Your Cost Segregation questions, answered.

Frequently Asked Questions for
Cost Segregation

What if my commercial property business is audited by the IRS - Will Source Advisors be available to help me?

Yes. At Source Advisors, we stand behind our Cost Segregation services. Our team provides unparalleled studies that result in meticulous attention to detail identifying construction-related costs.

How long does a Cost Segregation study take to complete?

A study typically takes 30-45 days to complete. The Source Advisors team will keep you up to date throughout the process and answer any questions you have regarding the services being conducted.

Learn More:  How Cost Segregation Studies work

What information do I need to provide Source Advisors for an estimate?

The more detailed information you can provide, the better. This ensures a more accurate estimate, and we might ask for additional information to clarify our understanding of your particular project and needs.

At minimum, we need:

  • Capitalized costs for your project
  • Years that it was capitalized in
  • Depreciation schedule, if available
  • Brief description of your business
  • Number of floors, square footage of the building site
  • Property address
How much does a Cost Segregation study cost?

The IRS specifies the cost of a study should be based on the time required to perform the study; not a percentage of the projected or realized savings. The time involved in a study is driven by multiple factors.

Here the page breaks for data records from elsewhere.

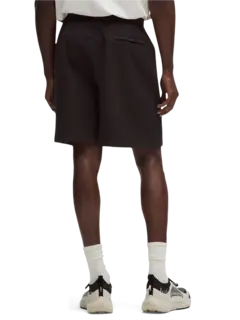 /original/LM7BSMS_0001_LULU_1_3.png_convert-240x320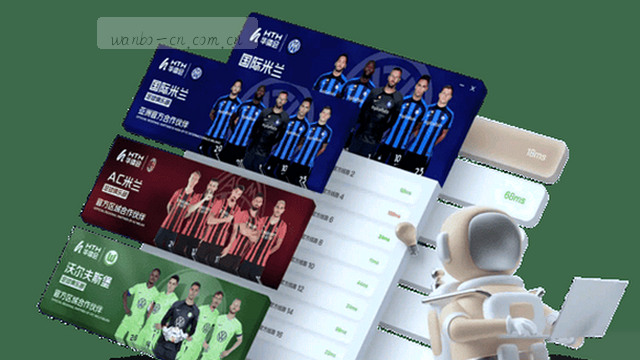 毫秒级解析引擎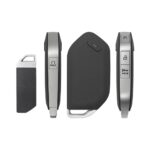 2023-2024 KIA Telluride Smart Key 433MHz 4-Button TQ8-FOB-4F71 95440-S9530 Aftermarket (2)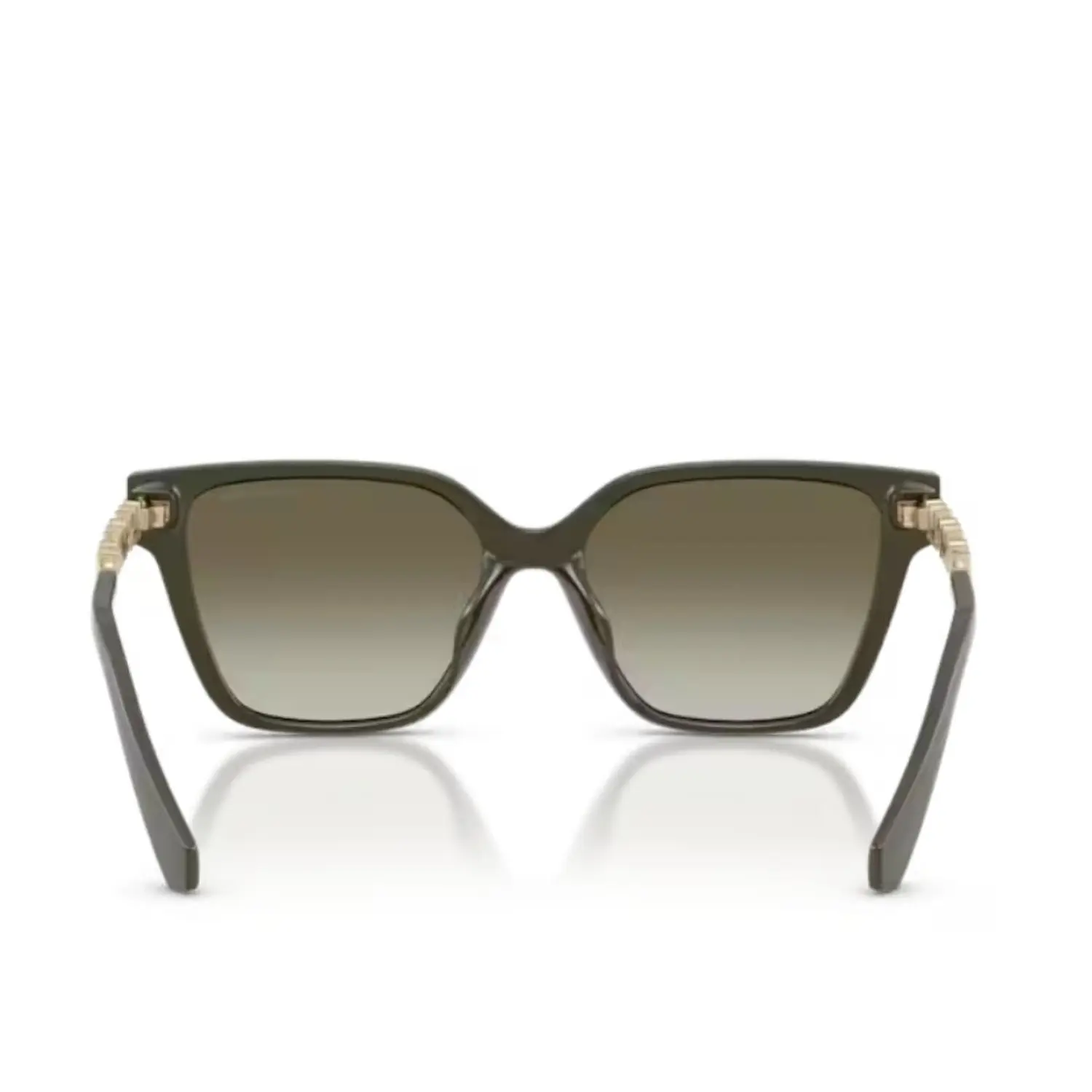 LENTE DE SOL METAL DAMA MICHAEL KORS 0MK263U 39023M 56 4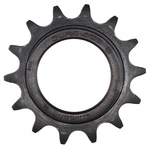 Shimano Dura-ace SS-7600 Steel Track Bike Cog 1/8" X 14T W/ Lockring. Fixed Price $27.95.
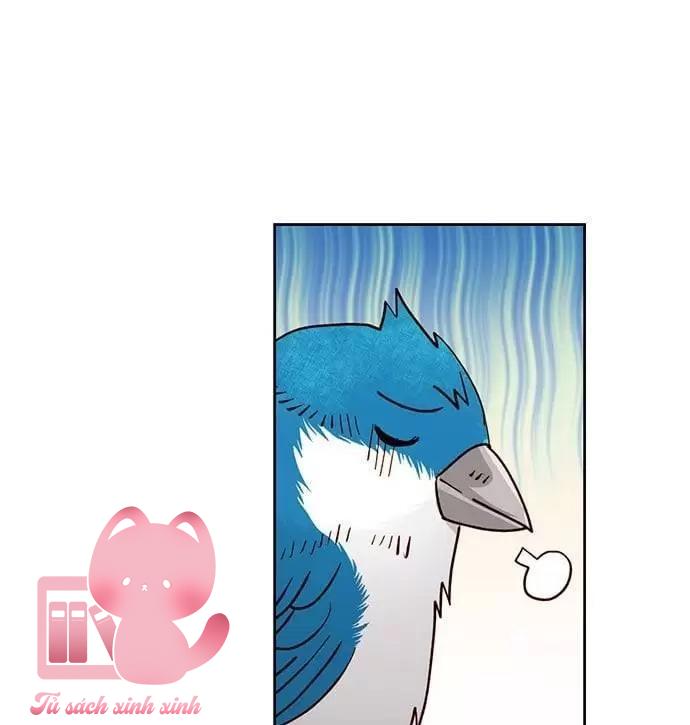 Hoàng Hậu Tái Hôn - Chap 55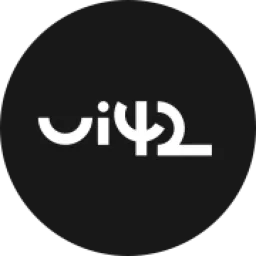 ui42 logo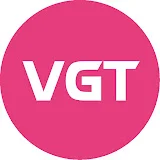 VGT TV - Sao Việt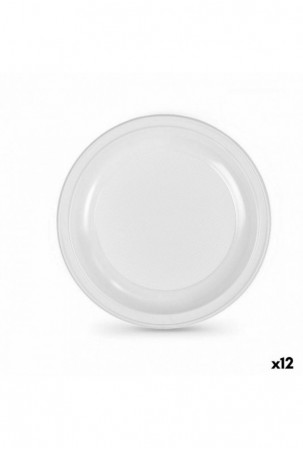 Daugkartinio naudojimo...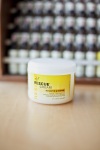 Rescue Cream 200g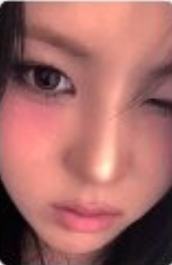 nemo版专卡5 ver.A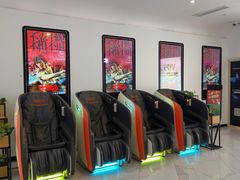 -万象影城(深圳布吉万象汇IMAX店)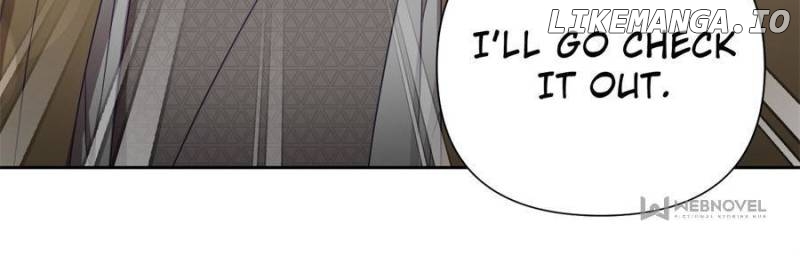 The Marvelous Dr. Jiaoniang Chapter 43 - page 90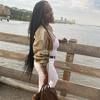amirah_johnson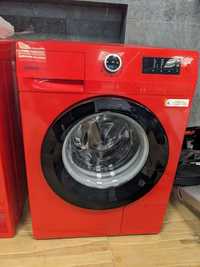 Продам стиральную машинку Gorenje W8543LR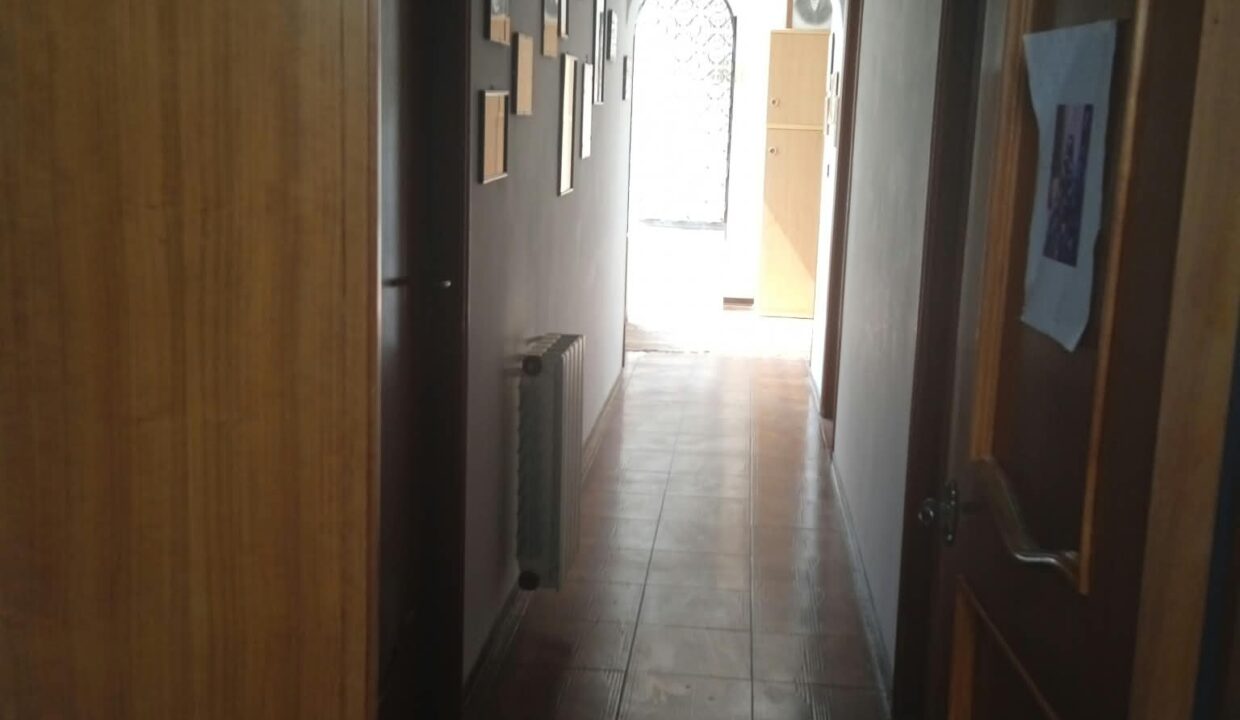 WhatsApp Image 2026-09-04 at 18.41.33 (3)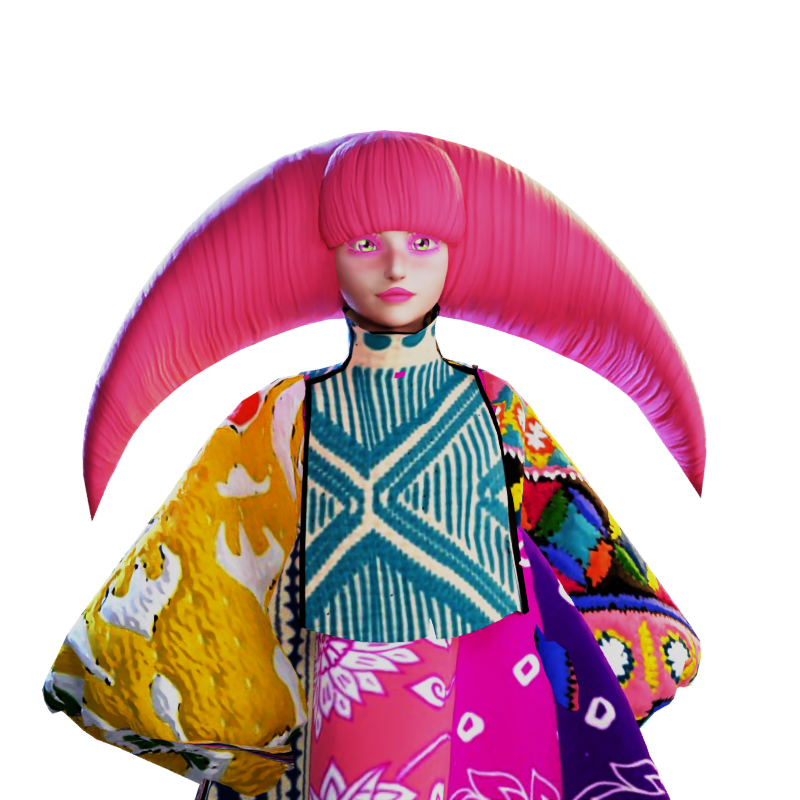 Tony (he/him)'s avatar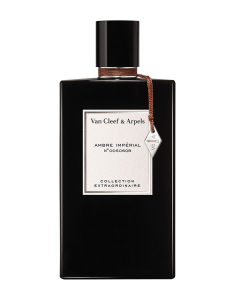VAN CLEEF&ARPELS Ambre Imperial Eau de Parfum 3386460071987, 02, bb-shop.ro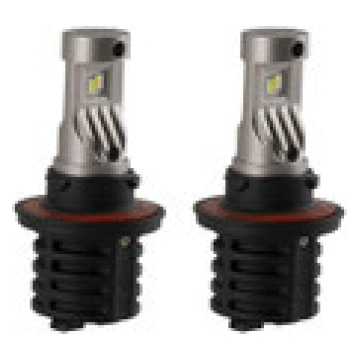 H13 / 9008 Diode Dynamics SL2 LED Bulbs
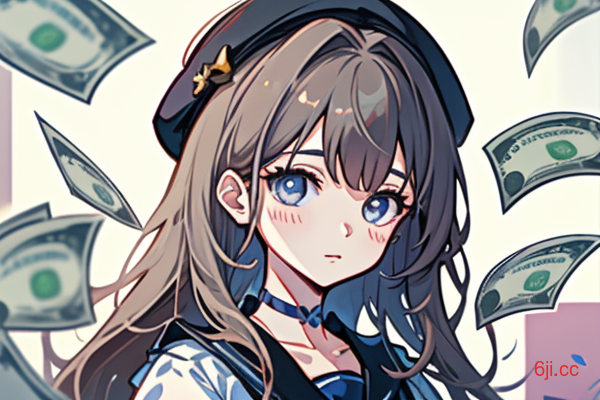 创业就业指导论文题目(创业基础与就业指导论文题目) 创业就业指导论文题目(创业基础与就业指导论文题目)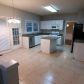 10945 Glenbarr Dr, Duluth, GA 30097 ID:15674664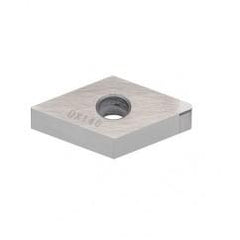 DNGA 431-DIA Grade DX160 - Turning Insert - Americas Industrial Supply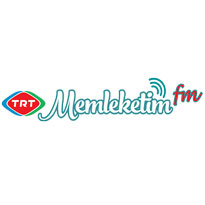 TRT Memleketim FM Dinle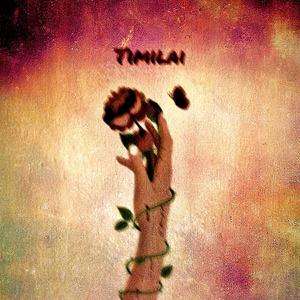 Timilai (stripped)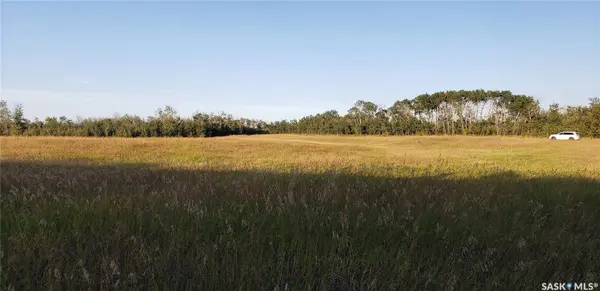 Rural Address, Fish Creek Rm No. 402, SK S0K 4P0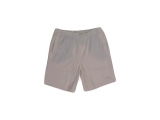 Sjeng Sports Shorts
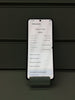 Samsung Galaxy Z Flip 5 - 256GB Storage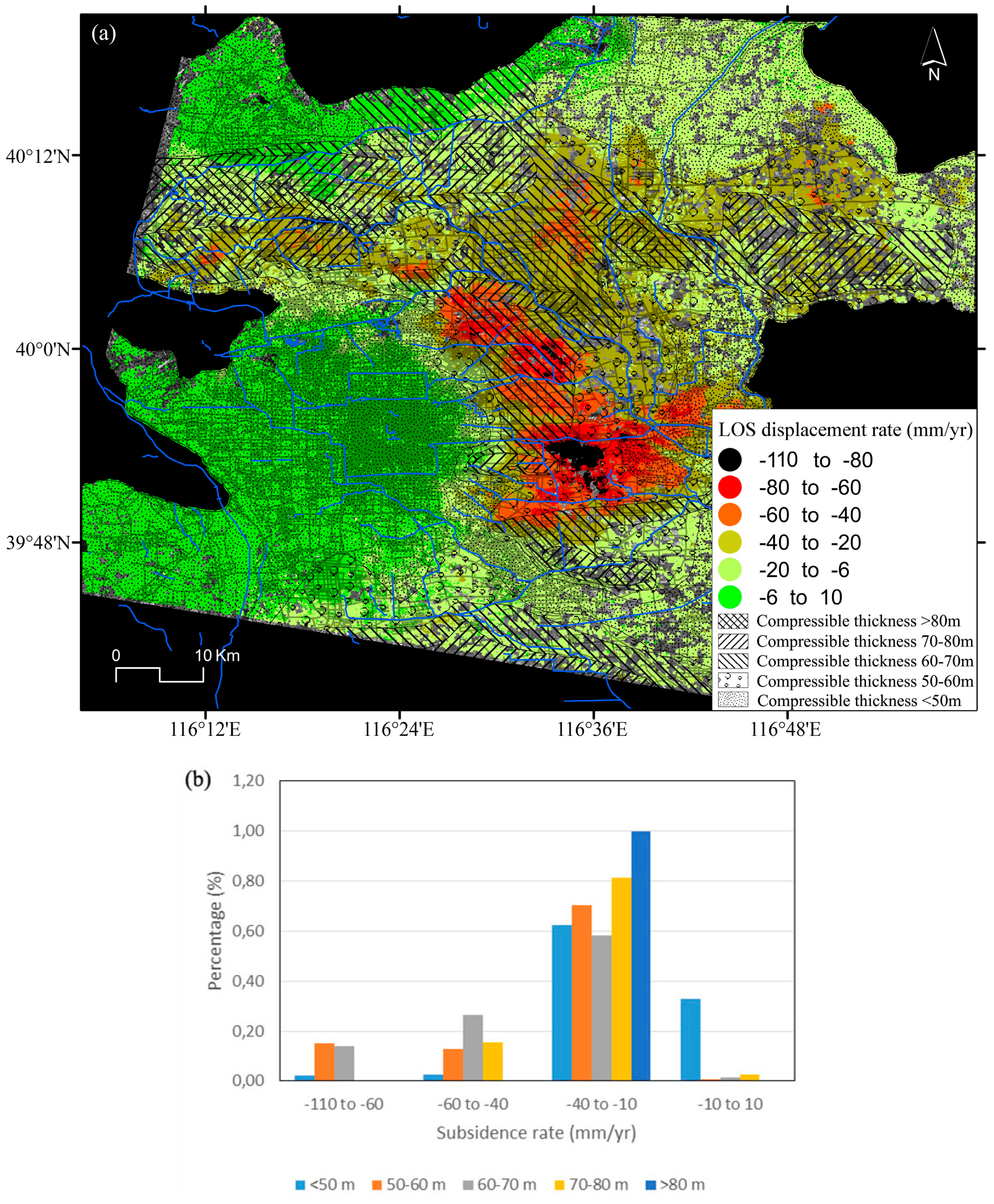Remotesensing 08 00468 g011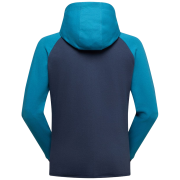 Чоловіча толстовка La Sportiva Kaos Hoody M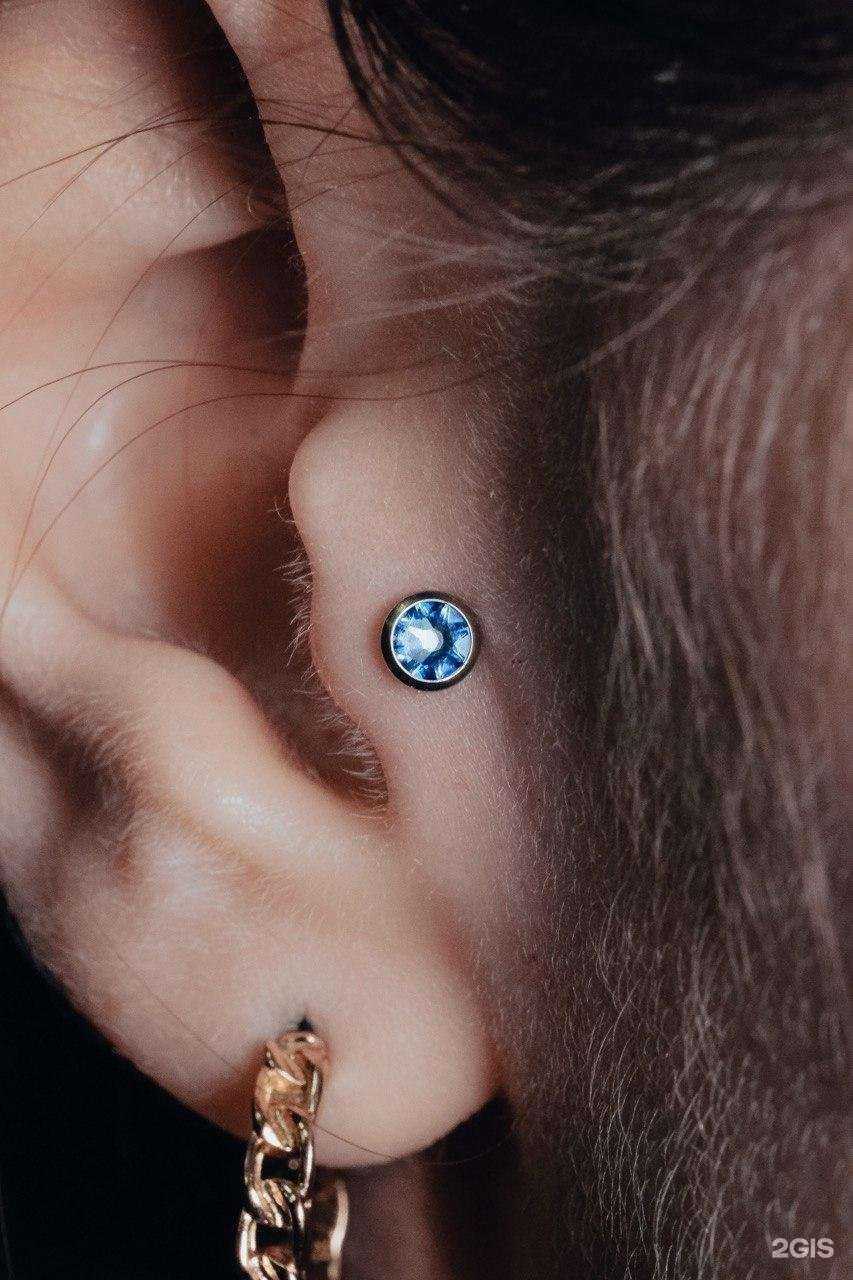 Отзывы на компанию Inner lumen в г. Великий Новгород c фото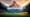 ARD/ZDF Teaser zur UEFA Fußball-Europameisterschaft Frauen 2025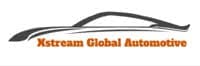 Xstreme Global Automotive logo
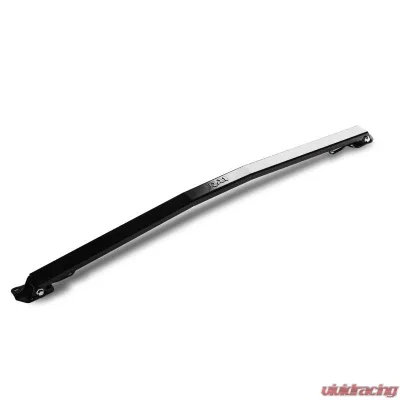 QA1 52121 Strut Tower Brace, 82-92 GM F Body - 52121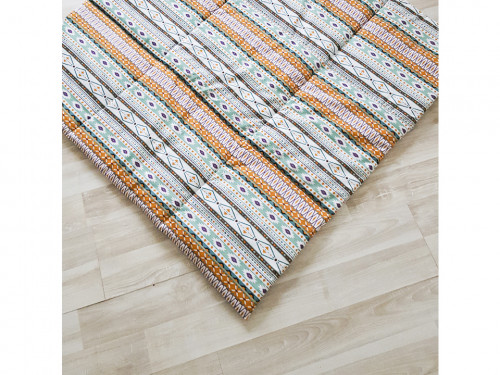 коврик aztec в Рязани
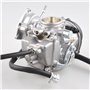 Carburateur pour Raptor 350 YFM350 2004 2005 2006 2007-2013 Carb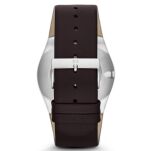 Zegarek SKAGEN SKW6016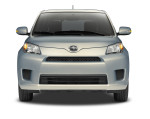 Scion Announces Scion 10 Release Series for Decade Anniversary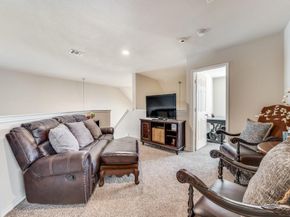 9927  Cherry Hill Lane , Providence Village Texas 76227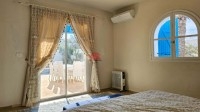 VILLA AVEC PISCINE À HOUMT SOUK DJERBA - RÉF L768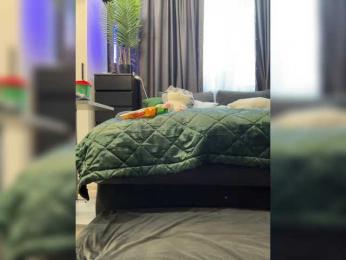 MagicMelody — Bongacams recorded stream image, 30.08.2025 08:40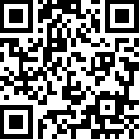 Uniswap中文版数字资产交易平台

Here are just a few aspects of the project that will impact the time involved to perform the study:

  • How big is the building?
  • What is the business activity in the building?
  • How many tax years will be analyzed?

Learn More: Cost Segregation Study Examples

What is Cost Segregation in real estate?

In real estate, Cost Segregation is a tax benefit strategy that is recognized by the IRS. It involves identifying specific components within a building or improvement project that can be classified differently for federal tax purposes—either as personal property or as land improvements, rather than as real property. This reclassification allows for accelerated depreciation schedules.

For example, the costs related to personal property components can be depreciated over a 5- or 7-year period, and land improvements can be depreciated over a 15-year period. This is faster than the standard 39-year or 27.5-year depreciation schedules typically applied to real property, thus providing potential tax advantages.